¶ When Festus was come into the province, after three days, he ascended from Cesarea unto Ierusalem. Then enformed him the high priests, and the chief of the jews against Paul. And they entreated him, and desired favour against him that he would send for him to Ierusalem, and laid wait for him in the way to kill him. Festus answered that Paul should be kept at Cesarea: but that he himself would shortly depart thither. Let them therefore (said he) which among you are able to do it come down with us and accuse him, if there be any fault in the man.
¶ When he had tarried there more then ten days he departed unto Cesarea, and the next day sat down in the judgement seat, and commanded Paul to be brought. When he was come the jewes which were come from Ierusalem, came about him and laid many and grievous complaints against Paul, which they could not prove as long as he answered for himself, that he had neither against the law of the jewes, neither against the temple, nor yet against Cesar offended any thing at all.

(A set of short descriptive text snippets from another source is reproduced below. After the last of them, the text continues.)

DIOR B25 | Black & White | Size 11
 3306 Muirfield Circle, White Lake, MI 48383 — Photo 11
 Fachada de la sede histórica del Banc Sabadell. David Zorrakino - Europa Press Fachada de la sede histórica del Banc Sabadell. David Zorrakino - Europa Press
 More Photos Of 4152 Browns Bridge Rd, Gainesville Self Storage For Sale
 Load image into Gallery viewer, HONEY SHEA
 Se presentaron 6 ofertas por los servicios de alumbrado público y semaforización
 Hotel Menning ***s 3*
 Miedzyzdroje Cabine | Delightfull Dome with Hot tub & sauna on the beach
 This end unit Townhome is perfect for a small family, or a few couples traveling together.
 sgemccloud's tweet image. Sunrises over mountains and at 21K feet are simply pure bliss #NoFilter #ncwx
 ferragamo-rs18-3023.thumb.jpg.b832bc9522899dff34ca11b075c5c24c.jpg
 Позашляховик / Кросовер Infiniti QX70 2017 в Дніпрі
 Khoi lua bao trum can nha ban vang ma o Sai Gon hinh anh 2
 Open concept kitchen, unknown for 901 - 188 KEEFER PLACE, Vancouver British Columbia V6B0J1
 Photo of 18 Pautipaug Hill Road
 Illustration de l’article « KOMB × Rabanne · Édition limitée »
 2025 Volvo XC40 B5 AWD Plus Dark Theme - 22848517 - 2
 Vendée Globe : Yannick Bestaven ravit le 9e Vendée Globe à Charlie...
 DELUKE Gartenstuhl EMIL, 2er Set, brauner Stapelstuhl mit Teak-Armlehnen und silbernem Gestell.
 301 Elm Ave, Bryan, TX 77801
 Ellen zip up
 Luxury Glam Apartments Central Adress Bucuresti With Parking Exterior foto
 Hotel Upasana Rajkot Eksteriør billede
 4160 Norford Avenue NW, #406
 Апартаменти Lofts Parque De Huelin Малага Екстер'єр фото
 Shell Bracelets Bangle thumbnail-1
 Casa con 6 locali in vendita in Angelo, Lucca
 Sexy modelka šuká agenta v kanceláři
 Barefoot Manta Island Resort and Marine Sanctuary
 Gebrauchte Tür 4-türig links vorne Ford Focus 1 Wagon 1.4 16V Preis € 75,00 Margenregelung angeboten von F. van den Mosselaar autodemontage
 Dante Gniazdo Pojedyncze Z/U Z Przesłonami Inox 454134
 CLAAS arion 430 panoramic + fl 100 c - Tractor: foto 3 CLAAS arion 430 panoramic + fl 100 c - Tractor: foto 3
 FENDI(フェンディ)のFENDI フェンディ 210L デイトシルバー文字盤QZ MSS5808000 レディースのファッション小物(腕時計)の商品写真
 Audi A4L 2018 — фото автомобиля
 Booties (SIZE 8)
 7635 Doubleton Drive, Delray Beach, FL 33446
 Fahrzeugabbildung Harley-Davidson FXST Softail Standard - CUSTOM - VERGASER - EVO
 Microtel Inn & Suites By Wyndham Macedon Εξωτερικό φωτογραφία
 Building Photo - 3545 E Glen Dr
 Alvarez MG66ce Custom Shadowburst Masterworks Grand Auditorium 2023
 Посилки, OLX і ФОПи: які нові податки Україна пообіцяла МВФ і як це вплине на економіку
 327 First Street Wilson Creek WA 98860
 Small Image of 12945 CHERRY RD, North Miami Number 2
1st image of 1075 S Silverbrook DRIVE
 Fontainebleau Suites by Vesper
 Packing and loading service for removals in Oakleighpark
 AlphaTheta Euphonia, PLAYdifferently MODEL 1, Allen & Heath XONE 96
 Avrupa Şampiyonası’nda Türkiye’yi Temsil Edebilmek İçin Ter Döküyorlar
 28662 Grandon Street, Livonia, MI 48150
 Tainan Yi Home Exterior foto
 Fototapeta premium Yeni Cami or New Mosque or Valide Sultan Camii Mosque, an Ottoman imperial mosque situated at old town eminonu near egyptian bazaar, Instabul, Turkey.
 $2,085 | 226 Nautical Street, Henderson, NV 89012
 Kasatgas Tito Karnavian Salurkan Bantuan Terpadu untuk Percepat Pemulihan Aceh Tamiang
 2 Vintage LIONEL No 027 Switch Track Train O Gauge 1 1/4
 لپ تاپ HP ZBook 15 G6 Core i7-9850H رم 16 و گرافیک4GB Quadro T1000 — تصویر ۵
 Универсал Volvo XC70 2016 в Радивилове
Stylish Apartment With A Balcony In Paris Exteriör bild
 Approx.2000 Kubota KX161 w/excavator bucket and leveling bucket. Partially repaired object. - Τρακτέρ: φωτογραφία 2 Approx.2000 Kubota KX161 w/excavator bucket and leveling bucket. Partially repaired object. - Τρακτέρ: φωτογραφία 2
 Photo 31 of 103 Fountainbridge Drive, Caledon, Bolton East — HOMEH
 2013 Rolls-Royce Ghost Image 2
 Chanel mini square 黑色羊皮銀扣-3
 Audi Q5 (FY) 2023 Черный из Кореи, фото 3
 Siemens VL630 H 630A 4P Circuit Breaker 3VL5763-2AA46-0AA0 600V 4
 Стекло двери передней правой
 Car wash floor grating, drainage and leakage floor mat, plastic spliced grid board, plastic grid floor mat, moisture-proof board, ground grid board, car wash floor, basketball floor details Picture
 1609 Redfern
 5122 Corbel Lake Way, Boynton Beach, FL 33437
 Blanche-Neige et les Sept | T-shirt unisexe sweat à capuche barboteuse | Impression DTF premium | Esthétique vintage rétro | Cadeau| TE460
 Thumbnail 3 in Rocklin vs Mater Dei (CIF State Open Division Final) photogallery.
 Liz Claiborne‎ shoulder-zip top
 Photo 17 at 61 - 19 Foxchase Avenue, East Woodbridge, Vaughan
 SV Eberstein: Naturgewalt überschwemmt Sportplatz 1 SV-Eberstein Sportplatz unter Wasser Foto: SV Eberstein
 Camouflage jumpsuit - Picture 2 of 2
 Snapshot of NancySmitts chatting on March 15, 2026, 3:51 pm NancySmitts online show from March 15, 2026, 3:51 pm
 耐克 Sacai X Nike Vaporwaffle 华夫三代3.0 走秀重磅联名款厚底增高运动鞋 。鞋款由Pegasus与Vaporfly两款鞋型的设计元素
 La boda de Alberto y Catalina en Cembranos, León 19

¶ Festus willing to do the jewes a pleasure, answered Paul, and said: Wilt thou go to Ierusalem, and there be judged of these things before me? Then said Paul: I stand at Cesar's judgement seat, where I ought to be judged. To the jewes have I no harm done, as thou verily well knowest. If I have hurt them, or committed any thing worthy of death, I refuse not to die. If none of these things are, where of they accuse me, no man ought to deliver me to them. I appeal unto Cesar. Then spake Festus with deliberation, and answered: Thou hast appealed unto Cesar: unto Cesar shalt thou go.
¶ After a certain days king Agrippa and Bernice came unto Cesarea to salute Festus. And when they had been there a good season, Festus rehearsed Paul's cause unto the king saying: There is a certain man left in prison of Felix about whom when I came to Ierusalem the high priests, and seniors of the jewes enformed me, and desired to have judgement against him. To whom I answered: It is not the manner of the Romans to deliver any man that he should perish, before that he which is accused, have the accusers before him, and have license to answer for himself, as pertaining to the crime whereof he is accused: when they were come hither, without delay on the morrow I sat to give judgement, and commanded the man to be brought forth. Against whom when the accusers stood up, they brought none accusation of such things as I supposed: But had certain questions against him of their own superstition, and of one Iesus which was dead. whom Paul affirmed to be alive. Because I doubted of the questions, I asked him whither he would go to Ierusalem, and there be judged of these matters. Then when Paul had appealed to be kept unto the knowledge of Cesar. I commanded him to be kept till I might send him to Cesar.
¶ Agrippa said unto Festus: I would also hear the man myself. Tomorrow (said he) thou shalt hear him. On the morrow when Agrippa was come and Bernice with great pomp, and were entered into the council house with the captains and chief men of the city, at Festus' commandment Paul was brought forth, and Festus said: King Agrippa, and all men which are here present with us: Ye see this man about whom all the multitude of jewes have been with me, both at Ierusalem and also here, crying that he ought not to live any longer. Yet found I nothing worthy of death that he had committed. Nevertheless seeing that he hath appealed to Cesar, I have determined to send him. Of whom I have no certain thing to write unto my lord. Wherefore I have brought him unto you, and specially unto thee, king Agrippa, that after examination had, I might have somewhat to write. For me thinketh it unreasonable for to send a prisoner, and not to shew the causes, which are laid against him.